Record extracts
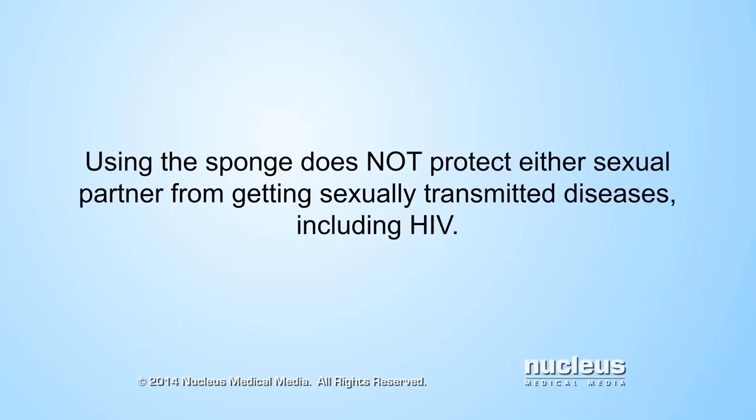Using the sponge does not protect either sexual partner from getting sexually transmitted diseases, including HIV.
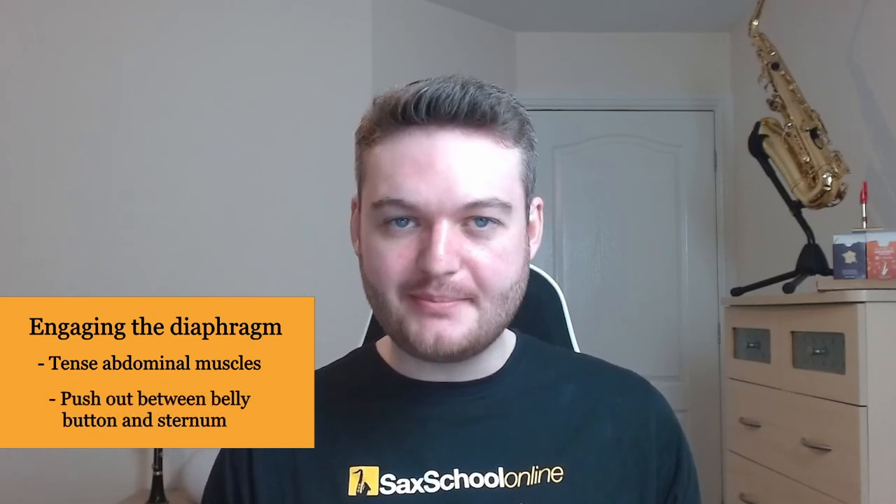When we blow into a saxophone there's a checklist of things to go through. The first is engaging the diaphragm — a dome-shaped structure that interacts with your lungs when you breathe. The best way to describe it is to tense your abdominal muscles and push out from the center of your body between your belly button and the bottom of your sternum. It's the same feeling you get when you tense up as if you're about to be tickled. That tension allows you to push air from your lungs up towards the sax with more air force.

...

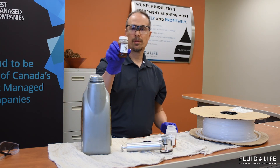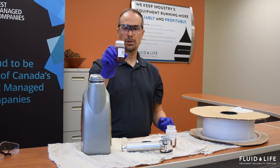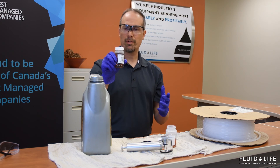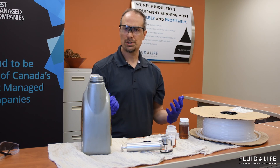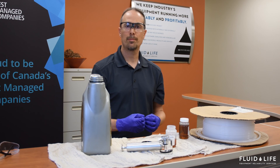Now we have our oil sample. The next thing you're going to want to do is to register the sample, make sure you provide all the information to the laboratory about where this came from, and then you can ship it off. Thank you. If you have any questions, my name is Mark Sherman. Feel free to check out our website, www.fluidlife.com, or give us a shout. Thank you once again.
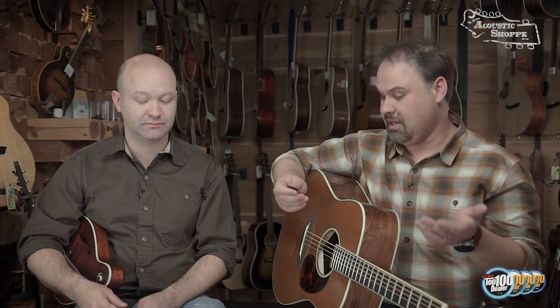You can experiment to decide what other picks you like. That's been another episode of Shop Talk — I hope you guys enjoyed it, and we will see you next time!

Problem statement
Reproduce exactly, with no pictures, the lines above from the one holding "Using the sponge" to the one holding "When we blow", inclusive.

Task response
Using the sponge does not protect either sexual partner from getting sexually transmitted diseases, including HIV.
When we blow into a saxophone there's a checklist of things to go through. The first is engaging the diaphragm — a dome-shaped structure that interacts with your lungs when you breathe. The best way to describe it is to tense your abdominal muscles and push out from the center of your body between your belly button and the bottom of your sternum. It's the same feeling you get when you tense up as if you're about to be tickled. That tension allows you to push air from your lungs up towards the sax with more air force.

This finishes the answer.